The special philosophic bond shared by the teacher-disciple soon veered towards a more mundane, rather amorous sphere. Rand began a love affair with Branden, 25 years her junior, after both extracted a reluctant approval from their spouses. (Yes ! You read that right !)
However, the relation wasn't smooth. Branden although on friendly terms with his wife Barbara, was sensing acute differences and having sorted that they must eventually break up, began dating another woman. Both decided to conceal these developments from Rand, given her passionate character, but she finally came to know this – she denounced both of them publicly. Branden, until then, the second-in-command and widely seen as Rand's successor in the Objectivist movement became a persona-non-grata within the movement and Rand's works thereafter contained the disclaimer that Branden was no longer a part of Objectivist movement. Barbara was thrown out too for having preserved the secret.
Barbara later went on to write The Passion of Ayn Rand where she reveals the real story behind the breakup (Rand when dissociating herself with both Branden and Barbara gave some incoherent explanations like their "philosophic irrationality" & "unresolved psychological problems".)

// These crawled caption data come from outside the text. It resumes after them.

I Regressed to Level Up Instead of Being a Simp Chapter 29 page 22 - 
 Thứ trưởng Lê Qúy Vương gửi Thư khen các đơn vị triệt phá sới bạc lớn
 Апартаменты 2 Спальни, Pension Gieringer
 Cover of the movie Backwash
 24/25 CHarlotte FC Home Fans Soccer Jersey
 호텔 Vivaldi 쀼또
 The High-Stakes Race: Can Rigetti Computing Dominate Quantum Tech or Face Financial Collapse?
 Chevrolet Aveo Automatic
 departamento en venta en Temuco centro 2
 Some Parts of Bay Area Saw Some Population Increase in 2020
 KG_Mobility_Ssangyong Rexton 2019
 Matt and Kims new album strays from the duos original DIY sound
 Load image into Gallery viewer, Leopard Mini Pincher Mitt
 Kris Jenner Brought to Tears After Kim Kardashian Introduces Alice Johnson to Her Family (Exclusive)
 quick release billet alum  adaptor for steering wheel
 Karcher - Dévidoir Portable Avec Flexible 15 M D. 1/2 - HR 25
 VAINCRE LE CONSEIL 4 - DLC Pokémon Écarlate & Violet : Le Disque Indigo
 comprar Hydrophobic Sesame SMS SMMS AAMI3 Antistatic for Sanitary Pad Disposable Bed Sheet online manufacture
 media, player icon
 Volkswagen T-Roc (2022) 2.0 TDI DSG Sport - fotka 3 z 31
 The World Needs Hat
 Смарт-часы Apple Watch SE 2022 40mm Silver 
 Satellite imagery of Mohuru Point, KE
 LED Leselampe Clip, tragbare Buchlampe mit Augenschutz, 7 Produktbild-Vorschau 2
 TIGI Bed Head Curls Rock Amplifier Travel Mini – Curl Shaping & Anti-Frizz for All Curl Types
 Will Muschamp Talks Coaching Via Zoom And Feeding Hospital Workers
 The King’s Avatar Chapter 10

Although Rand and Branden never reconciled, Rand corresponded with Barbara later and even met her before her death. Branden although largely still appreciative of his mentor has come to criticize her philosophy which he now feels "encourages emotional repression and moralizing" and laments "her failure to appreciate adequately the importance of kindness in human relationships". Branden later became a pyschotherapist in his own right and has contributed much in that area.
All in all : a colorful life for a person whose philosophy was to a large extent monochromatic.
PS1 : Alan Greenspan who was Ayn Rand's disciple and part of her inner circle, later went on to become the 13th Chairman of the Federal Reserve.
PS 2: Telugu marxist writer Ranganayakamma of Ramayana Vishavruksham fame has some striking similarities with Ayn Rand. Ranganayakamma's writing style is supposed to clear, forceful and radical much like Rand. After divorcing her first husband, she started living with her disciple-turned-lover though they were never formally married.